» What needs to be done
Whenever "Maison" occurs in a line of the material, list that line.
Start of Block
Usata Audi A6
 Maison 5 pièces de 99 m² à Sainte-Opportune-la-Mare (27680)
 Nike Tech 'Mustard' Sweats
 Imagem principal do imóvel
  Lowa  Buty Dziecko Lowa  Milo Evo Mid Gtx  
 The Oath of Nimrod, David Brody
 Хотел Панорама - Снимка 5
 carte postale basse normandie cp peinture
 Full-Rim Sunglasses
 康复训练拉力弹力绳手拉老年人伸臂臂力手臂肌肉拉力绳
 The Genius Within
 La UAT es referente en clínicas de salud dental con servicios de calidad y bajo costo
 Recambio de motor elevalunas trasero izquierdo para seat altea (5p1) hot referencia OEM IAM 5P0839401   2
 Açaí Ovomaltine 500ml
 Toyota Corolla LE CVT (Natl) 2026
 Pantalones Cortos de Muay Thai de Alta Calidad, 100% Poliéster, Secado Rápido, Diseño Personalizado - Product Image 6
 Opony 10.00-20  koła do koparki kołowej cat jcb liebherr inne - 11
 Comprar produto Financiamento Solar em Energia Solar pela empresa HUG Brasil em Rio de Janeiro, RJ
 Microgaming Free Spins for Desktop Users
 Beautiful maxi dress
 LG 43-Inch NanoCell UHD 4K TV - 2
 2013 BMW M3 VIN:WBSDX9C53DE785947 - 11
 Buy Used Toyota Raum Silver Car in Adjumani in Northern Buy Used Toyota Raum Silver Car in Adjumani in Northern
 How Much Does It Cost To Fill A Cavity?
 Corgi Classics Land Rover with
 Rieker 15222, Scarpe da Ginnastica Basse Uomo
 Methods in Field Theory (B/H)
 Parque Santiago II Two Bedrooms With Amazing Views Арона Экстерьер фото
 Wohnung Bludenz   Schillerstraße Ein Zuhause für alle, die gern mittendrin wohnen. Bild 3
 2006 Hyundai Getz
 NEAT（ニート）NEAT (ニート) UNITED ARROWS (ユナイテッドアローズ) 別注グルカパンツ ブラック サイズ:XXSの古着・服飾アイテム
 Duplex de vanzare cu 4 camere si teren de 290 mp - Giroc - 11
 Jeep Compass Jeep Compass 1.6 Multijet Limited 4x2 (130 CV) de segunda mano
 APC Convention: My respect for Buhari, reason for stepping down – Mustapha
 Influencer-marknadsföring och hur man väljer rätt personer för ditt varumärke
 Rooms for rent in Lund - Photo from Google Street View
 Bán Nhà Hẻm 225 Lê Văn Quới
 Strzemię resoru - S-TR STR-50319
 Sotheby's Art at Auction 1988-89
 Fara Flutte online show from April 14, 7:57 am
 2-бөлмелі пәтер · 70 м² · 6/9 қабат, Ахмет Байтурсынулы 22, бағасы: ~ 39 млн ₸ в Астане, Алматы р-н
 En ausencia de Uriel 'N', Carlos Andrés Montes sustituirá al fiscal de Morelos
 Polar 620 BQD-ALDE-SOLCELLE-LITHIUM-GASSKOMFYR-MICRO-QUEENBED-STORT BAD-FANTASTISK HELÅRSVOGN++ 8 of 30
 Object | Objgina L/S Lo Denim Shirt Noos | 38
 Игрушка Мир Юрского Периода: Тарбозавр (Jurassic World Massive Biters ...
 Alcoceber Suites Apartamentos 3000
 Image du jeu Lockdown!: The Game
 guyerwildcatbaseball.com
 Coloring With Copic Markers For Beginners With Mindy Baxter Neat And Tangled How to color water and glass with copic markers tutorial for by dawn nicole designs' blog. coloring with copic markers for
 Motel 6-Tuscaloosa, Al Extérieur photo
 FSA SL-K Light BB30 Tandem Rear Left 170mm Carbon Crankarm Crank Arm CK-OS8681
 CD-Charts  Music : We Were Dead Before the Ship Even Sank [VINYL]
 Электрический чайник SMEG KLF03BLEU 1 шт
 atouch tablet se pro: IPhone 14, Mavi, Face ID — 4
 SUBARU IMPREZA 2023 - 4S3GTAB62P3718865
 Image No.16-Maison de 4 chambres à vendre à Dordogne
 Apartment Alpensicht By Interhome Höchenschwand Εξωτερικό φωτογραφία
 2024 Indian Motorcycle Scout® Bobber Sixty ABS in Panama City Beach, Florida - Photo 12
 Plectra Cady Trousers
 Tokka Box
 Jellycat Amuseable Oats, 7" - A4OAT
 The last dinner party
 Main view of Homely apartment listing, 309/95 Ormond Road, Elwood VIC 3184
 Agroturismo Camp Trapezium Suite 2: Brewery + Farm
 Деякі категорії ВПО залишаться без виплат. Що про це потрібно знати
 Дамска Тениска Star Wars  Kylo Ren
End of Block
» Task answer
 Maison 5 pièces de 99 m² à Sainte-Opportune-la-Mare (27680)
 Image No.16-Maison de 4 chambres à vendre à Dordogne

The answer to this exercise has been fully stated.